Num certo momento da sua vida, meu pai tomou a decisão de, em vez de comprar uma casa, abrir uma loja de material esportivo. Revendedor exclusivo da Tretorn, marca que patrocinava a sua carreira de tenista, em poucos meses confirmou-se o vaticínio do meu avô: encordoamentos de graça para o amigo querido que nunca lhe negara o ombro, bolas distribuídas pela rapaziada que amava tênis mas não tinha dinheiro para comprá-las, demonstrações de produtos que pouco rendiam – o tino comercial do meu pai abria um rombo incompreensível nas finanças familiares. 

Meu pai viajava, e eu muitas vezes com ele, para torneios e campeonatos. Não conseguia decidir-se: o que era ele afinal? Um jogador em competição ou um vendedor em busca de negócios? O jogador invariavelmente ganhava. E o vendedor esquecia-se de vender, e preferia distribuir faixas de cabeça para divulgar a marca e deixar os outros felizes com o presente. Não sei quanto tempo a loja durou, mas tivemos bolas e raquetes e bolsas Tretorn espalhadas pela casa durante décadas.
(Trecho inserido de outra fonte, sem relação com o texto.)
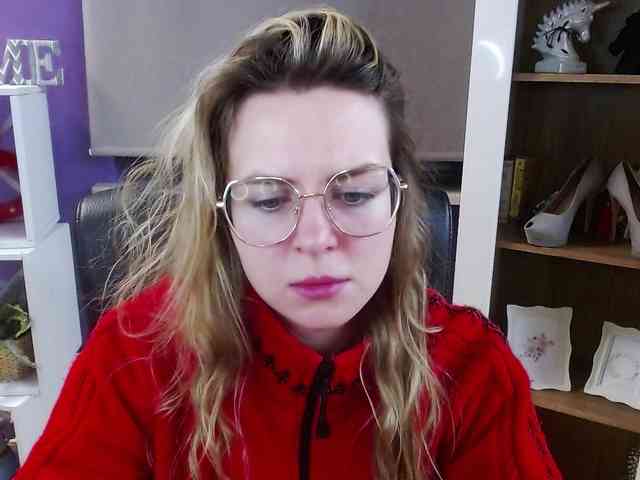 Soft-Zoey webcam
Numa dessas viagens a campeonatos, creio que ao Algarve, lembro-me de uma senhora, rosto emoldurado por uma espécie de capacete de cabelo louro, olhos azul cobalto e imenso entusiasmo com o tênis. Chamava-se Benvinda. Eu era pequena, e fiquei encantada com esse nome. Aprendi, com ela, a diferença entre substantivos próprios e comuns: próprio era o nome dela, Benvinda, invulgar e cheio de esperança, ela mesma uma pessoa invulgar, de hábitos diferentes da maioria das mulheres que me rodeavam. Andava sozinha, fumava uma longa piteira de prata e tratava todos os homens por “tu”, numa desenvoltura e alegria que insuflava vida a qualquer ambiente a que chegasse. Sentava-se nas arquibancadas com um chapéu branco imenso, e chamava-me para sentar-me ao seu lado. Ria, apertava-me a mão e comentava cada lance a um lado e ao outro da rede. Não tinha favoritos: eram todos seus favoritos.
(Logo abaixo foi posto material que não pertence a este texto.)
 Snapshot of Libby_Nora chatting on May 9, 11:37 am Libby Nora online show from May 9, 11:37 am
Comum, especialmente para ela, era sentir-se bem-vinda. Contagiava-me, o espírito de Benvinda, e era também bem-vinda que eu me sentia por entre raquetes e redes, divertindo-me mais com a observação do público do que com o jogo em si, em liberdade quase absoluta enquanto meu pai jogava e torcia pelos amigos que também jogavam. 
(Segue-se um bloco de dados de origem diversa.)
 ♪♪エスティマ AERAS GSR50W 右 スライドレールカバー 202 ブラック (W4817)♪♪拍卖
A sensação de ser bem-vindo é poderosa. Uma espécie de sentimento de adequação, de certo no certo, um aquecimento interno que desenha um sorriso leve nos lábios. São horas preciosas, quando nos sentimos assim. Podem ser as cores de três vasos de flores simples que pousam anonimamente em cima da mesa da sala. Ou o pão de mandioca deixado à porta, embrulhado num paninho bordado, com dois galhinhos de flores lilases e o bilhete sem assinatura: “Bem vindas”. Ou o bem-vinda que se ouve, num sussurro quase em silêncio, a meio da noite, como a morada de um reconhecimento, um aquecer que adormece de sorriso interno. Desconfio que andei sonhando com o chapéu esvoaçante de Benvinda pairando por cima dos campos de saibro. Sorria-me, ainda de longe, e acenava-me com a mão, num movimento aéreo de “vem sentar-te comigo, sê bem-vinda!”.